Expanding from the geometric-series formulas verifies that no factor is lost:

$$\frac{q^{2n}-1}{q^2-1} = \frac{(q^n-1)(q^n+1)} {(q-1)(q+1)}.$$

Cancelling exactly one factor $q^n-1$ and one factor $q-1$ yields the claimed quotient.

The third delicate point is necessity for even $n$. Taking $q=2$ gives

$$\frac{q^n+1}{q+1} = \frac{2^n+1}{3}.$$

For even $n$,

$$2^n\equiv1\pmod3,$$

hence $2^n+1\equiv2\pmod3$, so the quotient is not an integer. This produces an explicit counterexample.

Alternative Approaches

After reducing to an integer ratio $q$, one may regard

$$1+q+\cdots+q^{n-1}$$

as the cyclotomic factor corresponding to the divisor $q^n-1$. Then

$$1+q^2+\cdots+q^{2n-2} = \frac{q^{2n}-1}{q^2-1},$$

and the question becomes whether the factor $q^n-1$ cancels completely. The remaining quotient is again $(q^n+1)/(q+1)$, whose integrality is equivalent to the polynomial divisibility $q+1\mid q^n+1$.

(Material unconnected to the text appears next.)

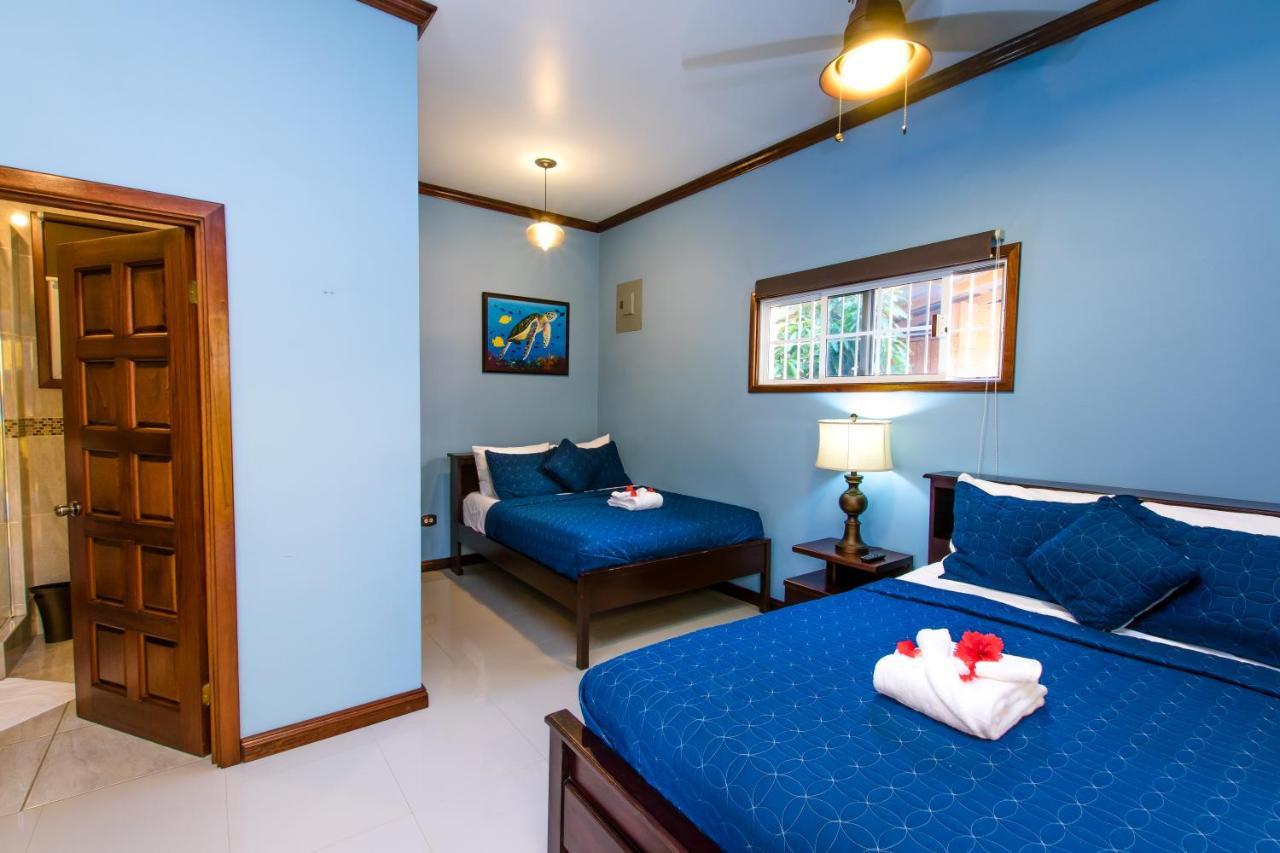 Апартаменты Khalkob'S Estate Placencia Экстерьер фото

Another approach uses polynomial division directly. For odd $n$,

$$q^n+1=(q+1)(q^{n-1}-q^{n-2}+\cdots-q+1),$$

which immediately yields divisibility. For even $n$, substituting $q=-1$ shows that $q+1$ cannot divide $q^n+1$. The main solution is preferable because it connects the original arithmetic problem directly to the quotient of the two geometric sums and treats sufficiency and necessity in a unified computation.